Start of Records for the exercise

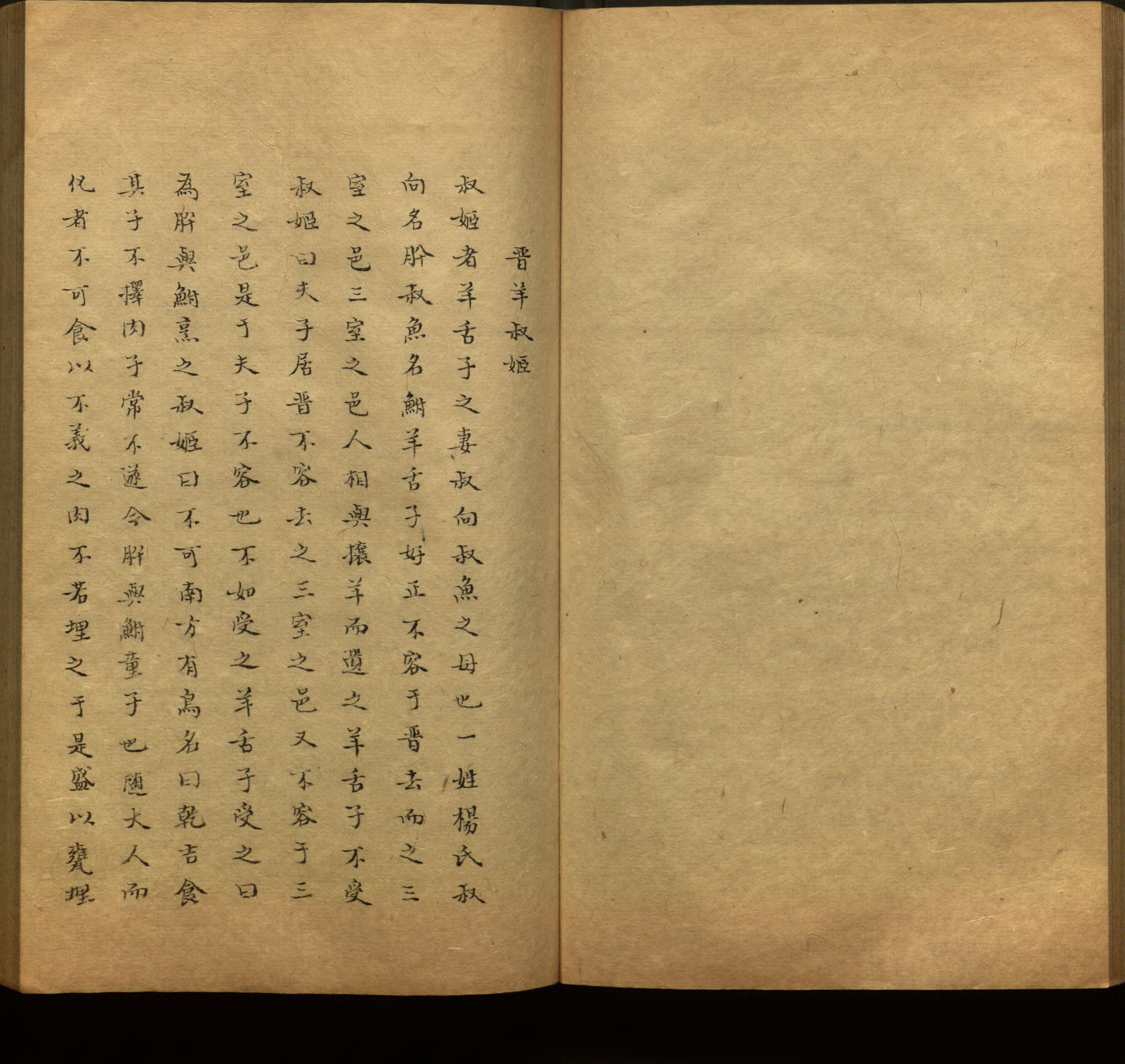 语文老师推荐的新课标小学语文生字同步练字帖是什么字帖啊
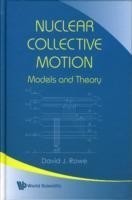 Nuclear Collective Motion: Models And Theory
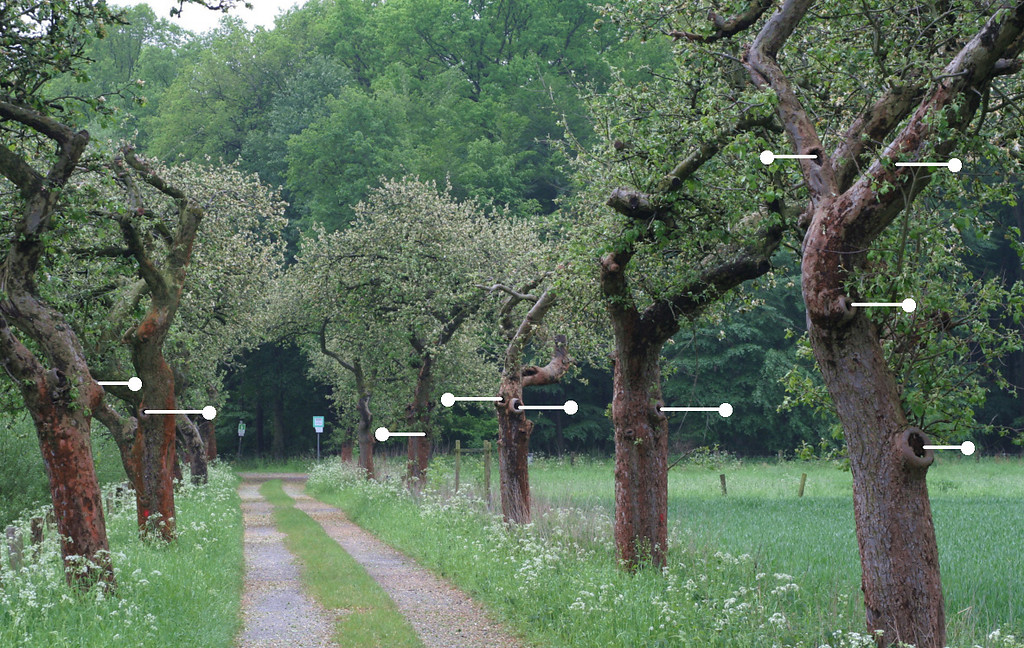 Obstbaumallee zwischen den Waldgebieten der Leucht und dem Niederkamp (2006) mit im Bild markierten Baumhöhlen.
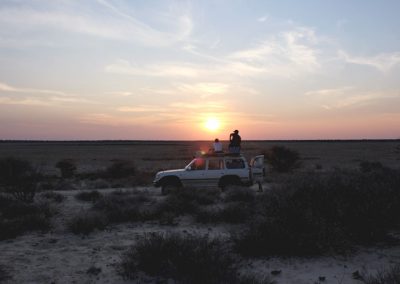 Buschveld Sonnenuntergang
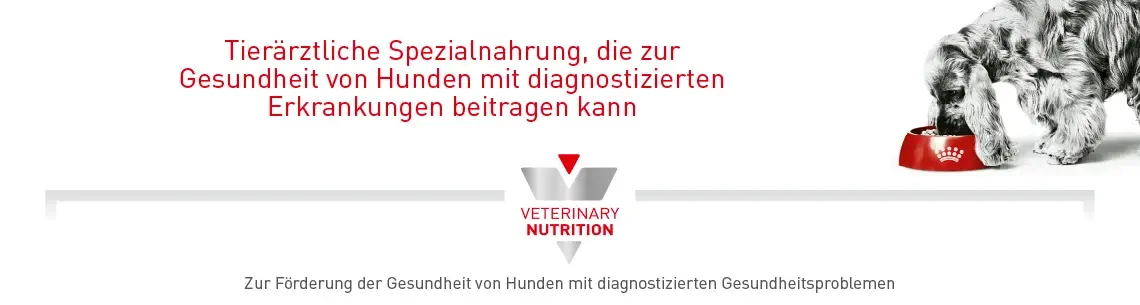 Veterinary Nutrition Spezialnahrung für Hunde Hund frisst aus einem roten Napf neben dem Hinweis auf tierärztliche Spezialnahrung.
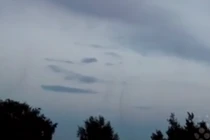 Hàng triệu con muỗi kết thành lốc xoáy trên bầu trời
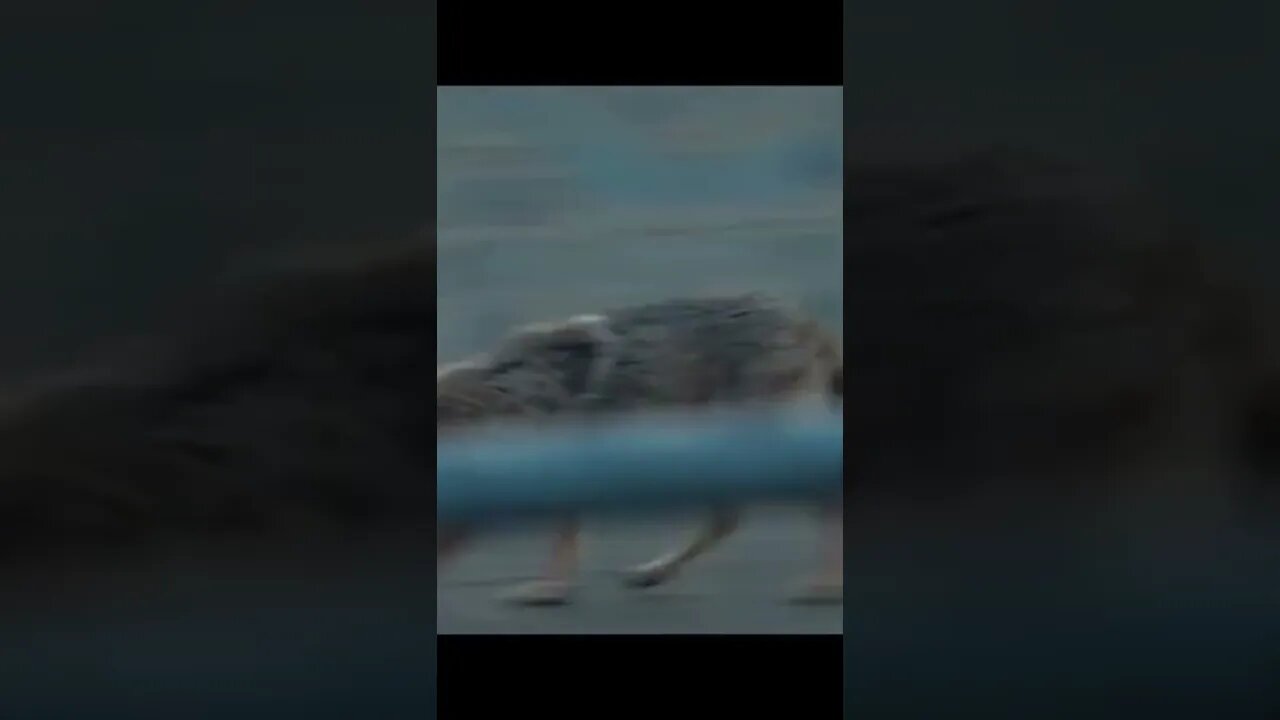 Breaking News (War-Related) #shorts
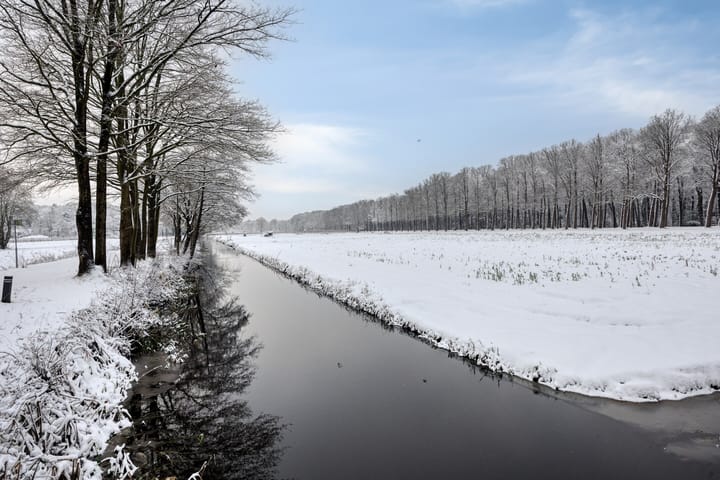 Foto 39 van Stadhouderslaan 51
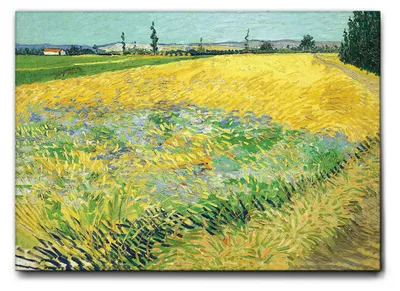 Produktbild von Giallobus - Weizenfeld - Vincent Van Gogh - 70L x 50B cm - Bild - Leinwand mit Standardrahmen
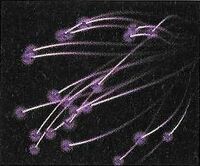DKJB Black Fairy art.jpg
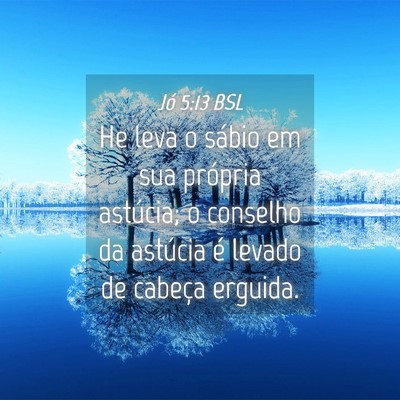 Picture 04 - Jó 5:13 BSL - He leva o sábio em sua própria astúcia; o - Bible Verse Picture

End of Records for the exercise

Task to complete - Line by line, reproduce exactly the lines from the one containing "Hàng triệu con" through the final line of the material, both included, leaving every picture out.

Answer section -
 Hàng triệu con muỗi kết thành lốc xoáy trên bầu trời
 Breaking News (War-Related) #shorts
 Foto 39 van Stadhouderslaan 51
 Produktbild von Giallobus - Weizenfeld - Vincent Van Gogh - 70L x 50B cm - Bild - Leinwand mit Standardrahmen
DKJB Black Fairy art.jpg
 Picture 04 - Jó 5:13 BSL - He leva o sábio em sua própria astúcia; o - Bible Verse Picture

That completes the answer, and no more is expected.